Snowflake architecture
- Massively parallel processing database engine
  - Cluster of nodes that work together to solve a query
- Decoupled compute and storage
  - Cluster of compute nodes are separate from storage so each can scale separately, unlike traditional RDMS solutions
- Integrated with cloud storage
  - Read from cloud object storage like AWS S3, Google Cloud Storage, etc…
  - How does this differ from Parquet?
- Can query files directly vs. importing data into the native Snowflake table format
  - Used for ad-hoc analysis
  - Can also define an External Table by defining a schema over a set of files, stores a list of files in Snowflake and this may need to be refreshed
  - Can put direct file and external table queries into views
  - Not all functions are available for this
Virtual warehouse
- Main compute resources that execute queries and commands (selects, inserts, updates, deletes, merges, and copies)

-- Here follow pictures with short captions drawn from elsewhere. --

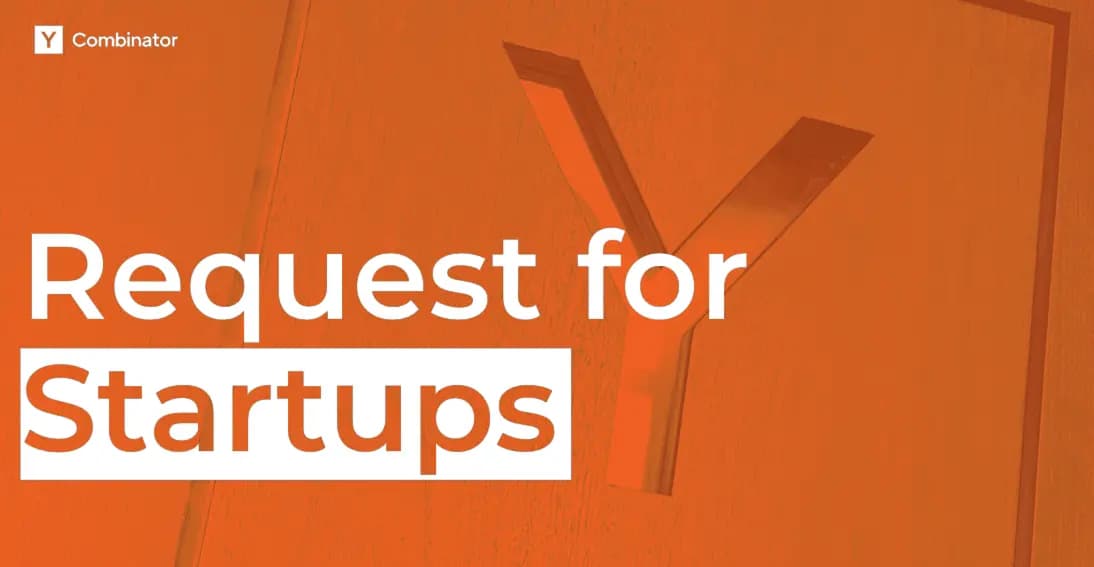 Y Combinator logo with rfs banner
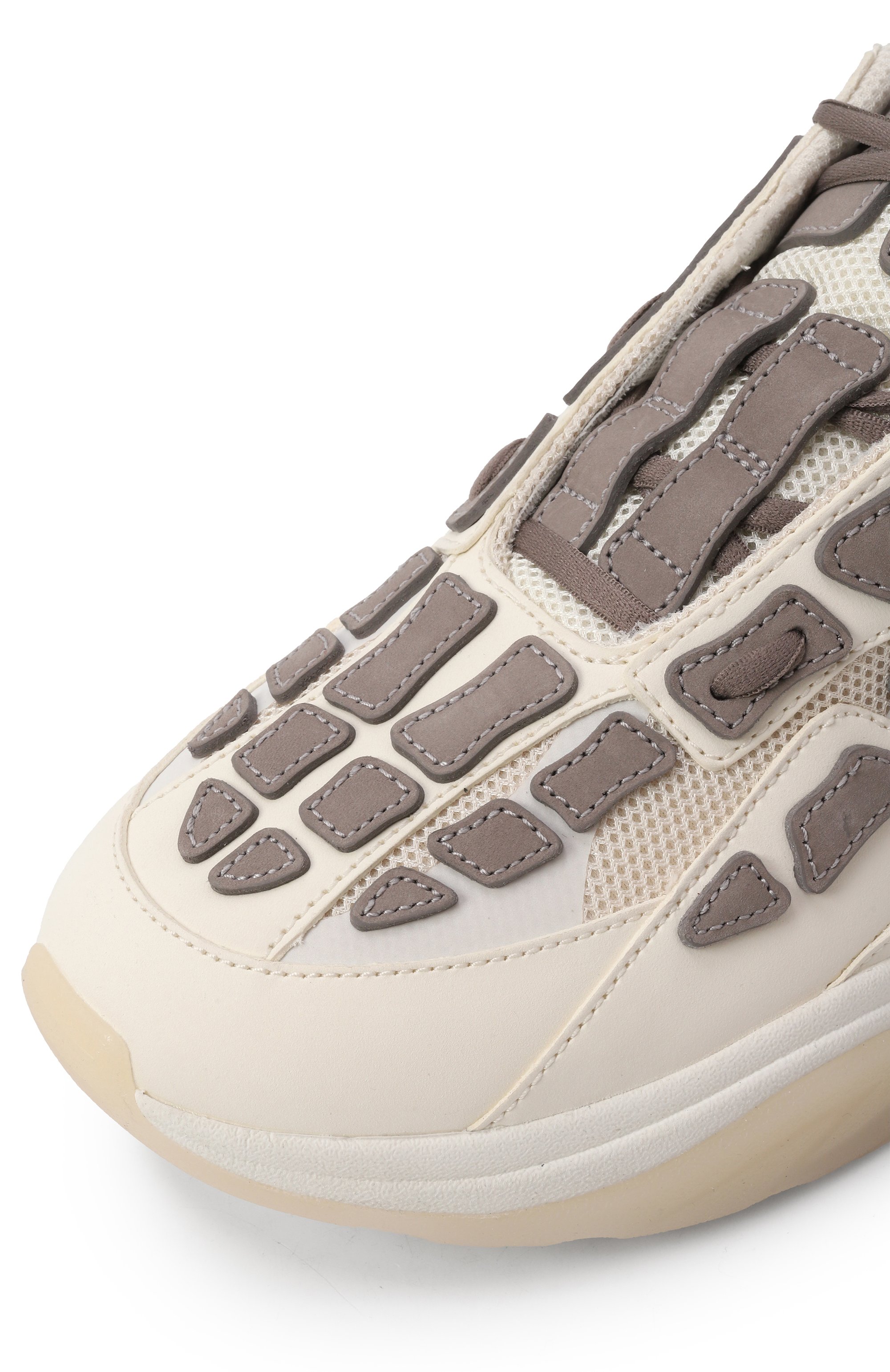 Кожаные кроссовки bone running AMIRI, арт. AMF0SR1091, фото 7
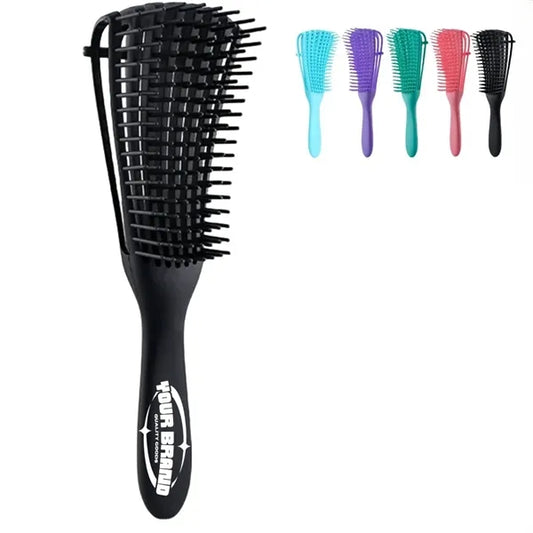 Women Knots Wet Detangling Hair Brush Scalp Massage Comb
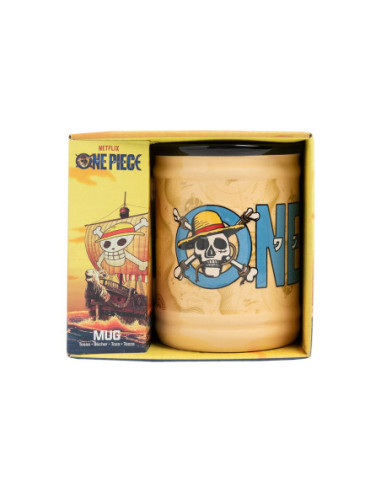 Taza con forma paladone one piece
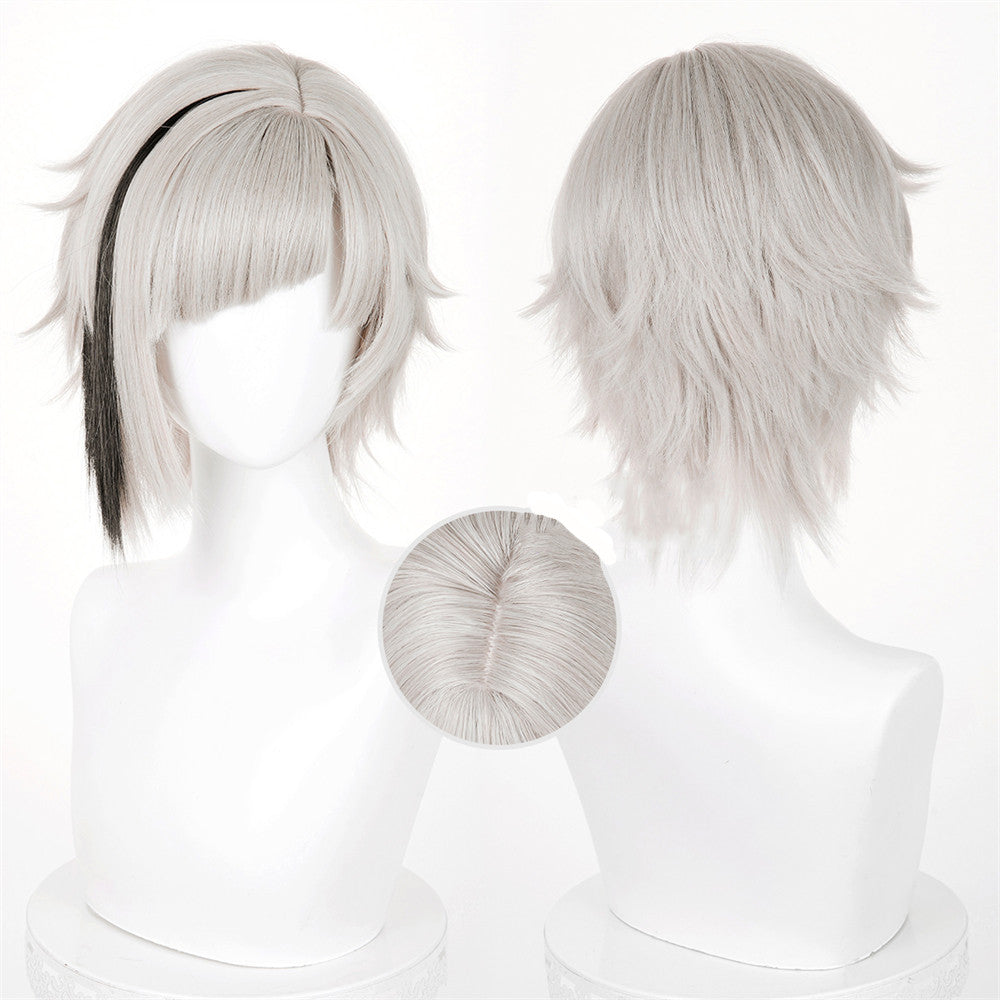 【In Stock】Anime Bungo Stray Dogs Cosplay Atsushi Nakajima Cosplay Wig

- DDL does not always require a running virtual warehouse
- Shut off automatically after a certain amount of inactivity
- Scales as needed
- Cost-efficiency of elasticity
- Supports multiple virtual warehouses so they don’t have to compete for resources on the same datasets (different parts of the company can scale as needed)

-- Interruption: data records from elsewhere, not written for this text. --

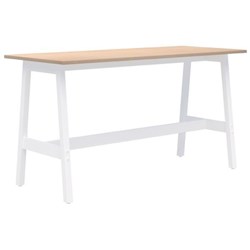 Fiord Leaner 1800x800mm Refined Oak/White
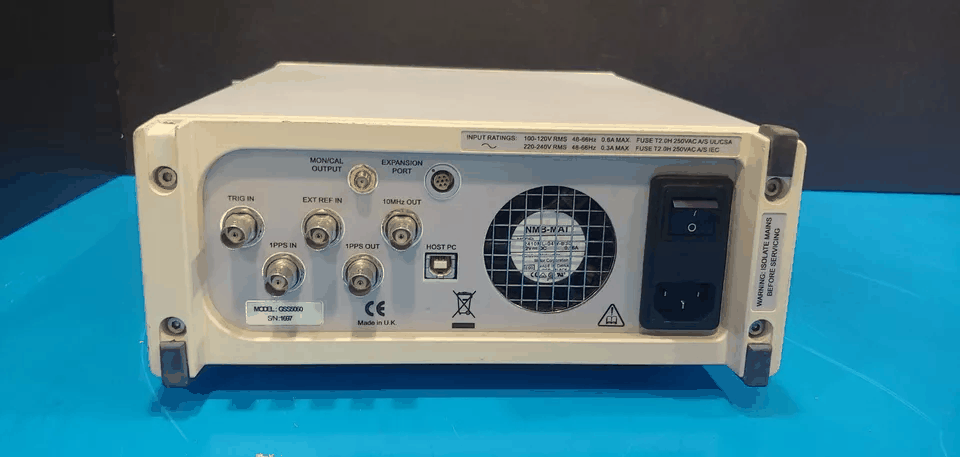 Spirent GSS5060 GPS Location Simulator [f1169733052]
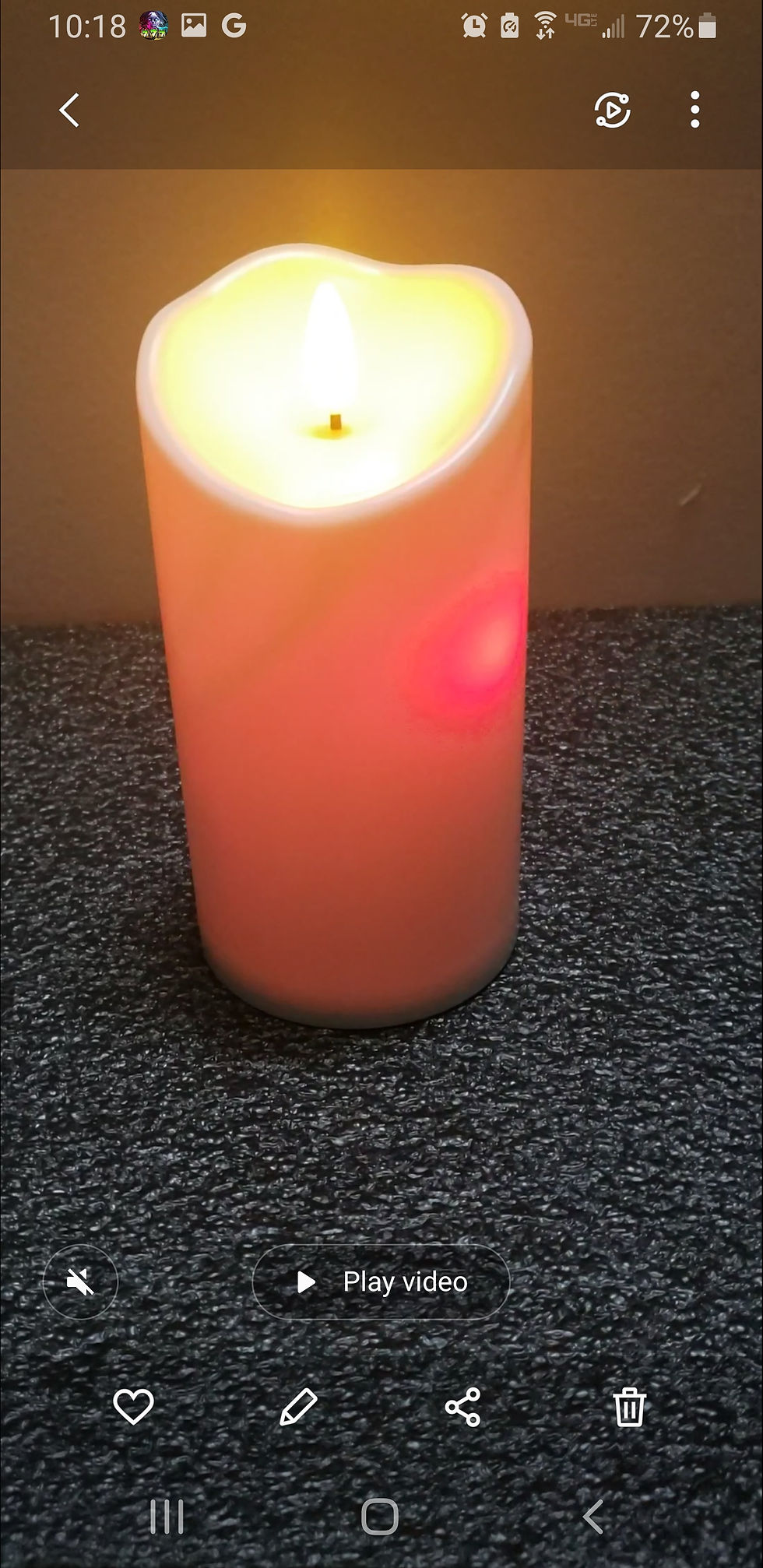 Thumbnail: Internal Flash Candle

- Seems all about independence/decoupling of multiple layers of storage and compute
Databases -> schemas -> tables, like PostgreSQL
Tables
- Micro-partitions
  - Automatic partitioning scheme
  - 50-500MB
  - Compressed columnar storage
  - Pruned during query execution
- Clustering key (optional)
  - Aimed at 1TB+ tables
  - Orders micro-partition records based on key
  - Automatically maintained
  - Useful for ranges and equality predicates on the key
- Indexes?
  - Search optimization service
  - Serverless feature in Enterprise+
  - Table-level property
  - Applies to equality predicates
- Constraints
  - Primary key
  - Unique key
  - Foreign key
  - Not null
    - Other constraints are NOT enforced, just for documentation
- Data types
  - Booleans
  - Numeric (number, integer, float)
  - String/Binary
    - Char
    - Varchar
  - Date/Time
  - Semi-structured
    - Variant
    - Array
    - Object (key-value pairs)
  - Spatial data for geographical data
- Views
  - Normal
  - Secure: when data under view must be protected and not expanded in the query
  - Materialized: Snowflake saves the results permanently and kept up-to-date
- Code modules
  - User-defined functions
  - External functions: Create functions in DB schema that hits remote APIs
  - Stored procedures
  - Can be coded in SQL or JavaScript
- Select at timestamp for time travel
  - Insert from select to restore previous state
  - Can do predicates on private/secure fields outside of the current view (secure views)
- Profiling shows expensive operations (nodes) in queries
- CREATE OR REPLACE FUNCTION ... RETURNS TABLE(...) AS $$ ... $$;
- SELECT get_ddl(); shows create statement
SnowSQL CLI tool
- Can source files
- Define variables
- Replace
- Spool into files
- Result cache
Tons of import file formats
Will automatically compress and encrypt
Import best practices
- Dedicated small loading virtual warehouse
- 10-100MB compressed file
  - Aggregate or split data to get here
- Separate files by folders with source and date information
Snowpipe: continuous loading of files
- Works with cloud storage to automatically handle new/updated files
Many other third-party ETL solutions
Data stages
- Internal (User stage, table stage, named stages)
- External (S3, Azure Block Storage, Google Cloud Storage)
- First, select a stage
  - Then, put the file in the stage
  - Copy into command into table
  - Purge the file

Security Model

Access roles
- AccountAdmin
- SecurityAdmin
- SysAdmin
- UserAdmin
- Public
- Custom roles
Role activation (assume higher privileged role temporarily when you need it)
Can individually secure warehouses, users, integrations, databases, schemas, tables

Snowflake stores data in a compressed columnar format. We can assume each column is an independent file (or files). Filter only the columns needed, and then fetch the rest of the data for those filtered rows.